Tal direito se apresenta como um complemento de um direito muito mais antigo e antecessor, que é o direito à locomoção, esculpido no artigo 5º, inciso XV da CF.
“Art. 5º. Todos são iguais perante a lei, sem distinção de qualquer natureza, garantindo-se aos brasileiros e aos estrangeiros residentes no País a inviolabilidade do direito à vida, à liberdade, à igualdade, à segurança e à propriedade, nos termos seguintes:
(…)
XV – é livre a locomoção no território nacional em tempo de paz, podendo qualquer pessoa, nos termos da lei, nele entrar, permanecer ou dele sair com seus bens; (…)”
Soma-se a isso o fato de que somente o Presidente da República, com a aprovação do Congresso Nacional, pode decretar estado de Defesa (art. 136 da CF) ou de Sitio (art. 137 da CF), que são os mecanismos constitucionais legais para a suspensão temporária desses direitos que são direitos e garantias fundamentais.

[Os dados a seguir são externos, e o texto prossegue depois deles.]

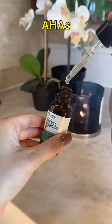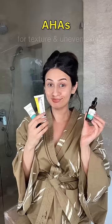Lastly, AHAs like glycolic acid, mandelic acid, kojic acid and lactic acid are ideal for those who have texture or uneven skin tone.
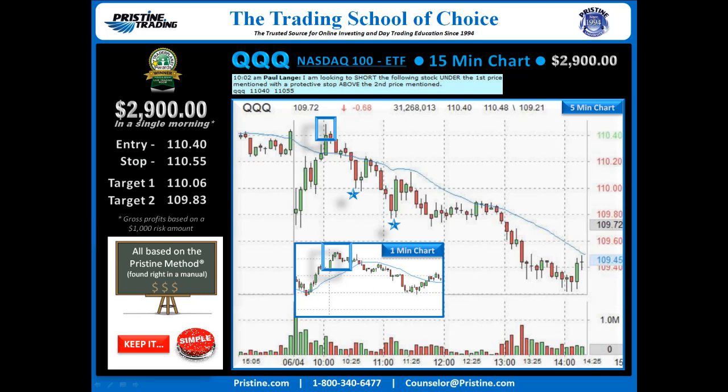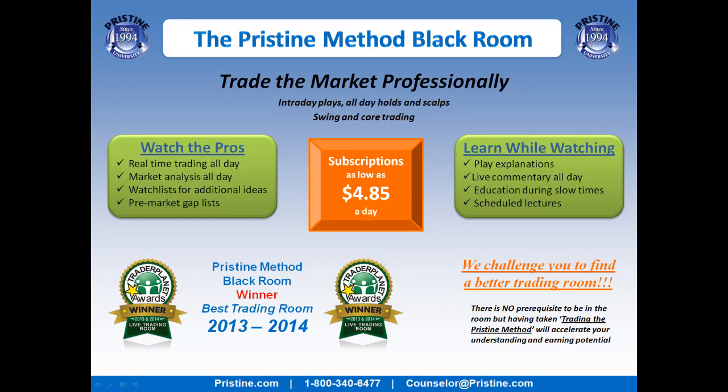This play was based on the Pristine Method. Like all the plays I do, this can be found in a manual — the concepts. I believe it's very important to keep things simple, and once you're trained in the Pristine Method, this is a very straightforward play. If you'd like to watch more plays like this, you can join myself and Sammy and Robert in the Pristine Method Black Room every day — simply the best room out there. You can visit the website or call your counselor at the number below.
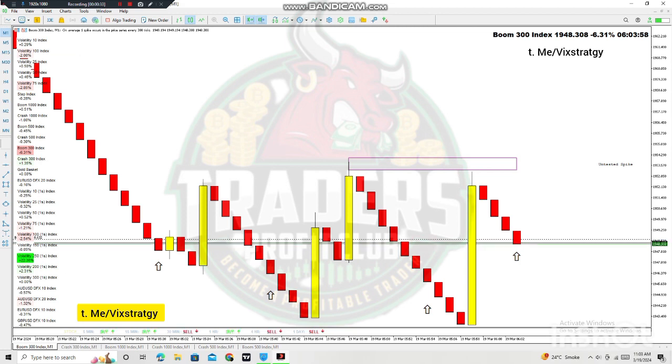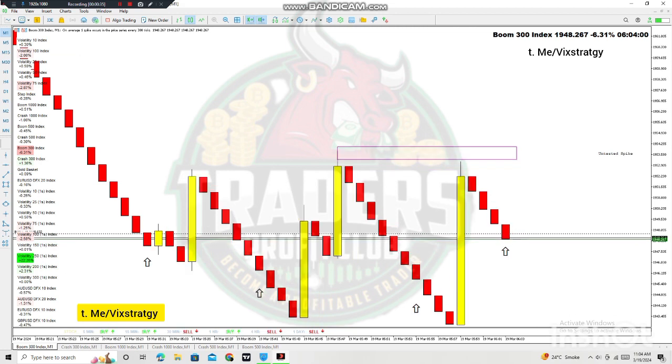Risk-free trading — once a signal appears, use a four-candle stop loss. Once the spike appears, hold your trade for more three candles. There may be multiple spikes and you can make more money.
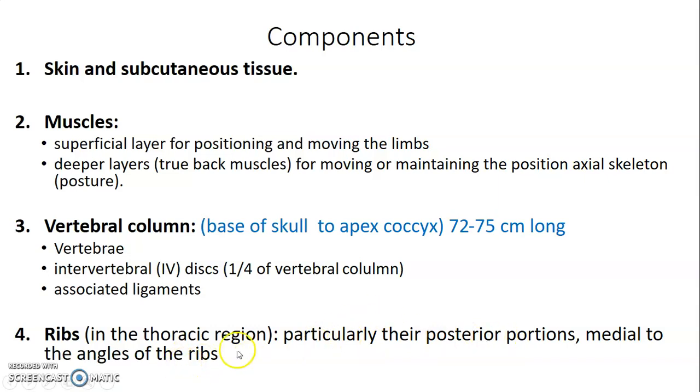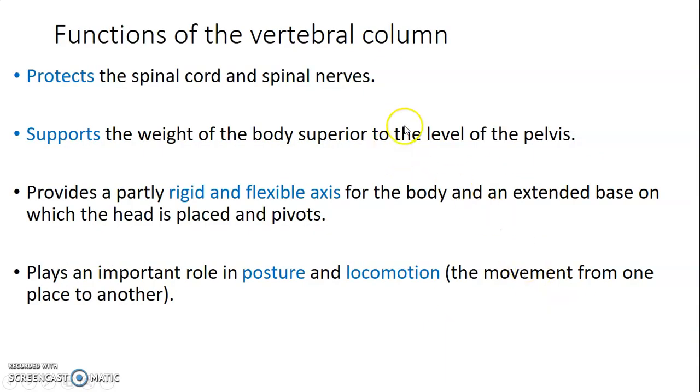The posterior portions and the middle to the angle of the ribs form the components of the back. What is the function of the vertebral column? It protects the spinal cord and spinal nerves. The spinal cord is housed within the vertebral canal of the vertebra. The vertebral column supports the body weight above the level of the pelvis, and it provides a rigid and flexible axis for the body and an extended base to which the head is placed. The vertebral column plays a major role in posture and locomotion, so you're able to move from one place to another.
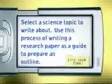Select a science topic to write about. Use this process of writing a research paper as a guide to prepare an outline.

Assim, temos a inequívoca constatação que no Brasil de hoje impera a total anomia social e jurídica, onde os mais caros direitos e garantias constitucionais estão sendo suprimidos por força de decretos estaduais e municipais que, na hierarquia das leis, amargam o último lugar em grau de importância.
Poder-se-ia afirmar que o que o Governador do Estado do Espírito Santo está fazendo é ilegal, inconstitucional e injusto, mas no quadro atual das coisas, com seus atos sendo expressa ou tacitamente confirmados pelos demais poderes do Estado (Legislativo e Judiciário), e pelo Ministério Público, a quem caberia ser o fiscal da lei, tal afirmação não encontraria eco.
Portanto a conclusão a que se pode chegar é a de que as regras do jogo democrático de direito estão suspensas, não se podendo nem declarar que algo é ilegal, porque não há quem recepcione tal declaração.
Entretanto, utilizando um último suspiro de lucidez e racionalidade é possível apontar que a paralisação do transporte público é imoral, porque afetará principalmente os mais necessitados, os pobres e miseráveis, que sem transporte público terão mais do que seu direito de ir e vir livremente retirado; terão sua cidadania, sua dignidade e seus direitos humanos básicos retirados.